I would say that "wank" as a verb is not particularly strong – it's the only word normally used in informal speech in the UK to signify masturbation – but it is vulgar because the British do not discuss such things except within a group of friends (where such things are actually discussed quite a lot!)

I would freely use this word amongst friends but I have never in my life said it in front of my relatives (apart from ones of a similar age to me) or work colleagues who aren't also friends, for example, and I would be pretty taken aback to hear them say it when talking to me!


----------



## obz

worcerize said:


> I would say that "wank" as a verb is not particularly strong – it's the only word normally used in informal speech in the UK to signify masturbation – but it is vulgar because the British do not discuss such things except within a group of friends* (where such things are actually discussed quite a lot!)!*



Es así por aquí en este lado del charco .


----------



## drunkenfool

I have to agree with 'quesuerte', the word wank is no more offensive to me than 'jerk off', especially bearing in mind that neither one of the words would be appropriate to say in polite company. 'Jerk off', at least to me, sounds very American English, but wank is definately an integral part of the British English vocabulary, especially entre los jovenes


----------



## drunkenfool

...and in response to 'ivan raikov', your example is just another example of the usage that I highlighted earier as an ajectival noun.


----------



## duncandhu

It's pretty vulgar...

It's not the kind of thing you'd say when you're talking to someone you don't know well.

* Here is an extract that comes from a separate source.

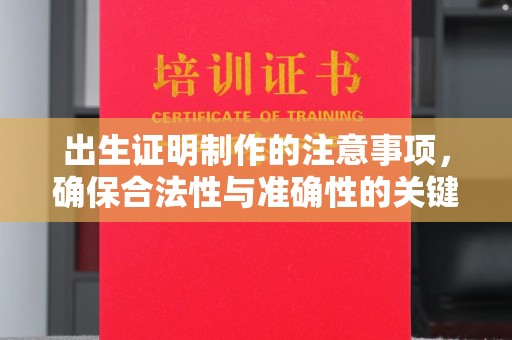 清流出生证明制作的注意事项，确保合法性与准确性的关键步骤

Igual en castellano, no dirías que te vas a hacer una paja en una entrevista de trabajo ni con el dependiente cuando te vas de compras...

More with "to wank":

To wank over somebody: to think of somebody when you're wanking.

A friend of mine used to say "That's one for the wank bank." like it was a memory bank, he used to say it when he saw a good looking girl, like he was going to _wank over_ her later

Erm... hope that helps!

Saludos
Duncan


----------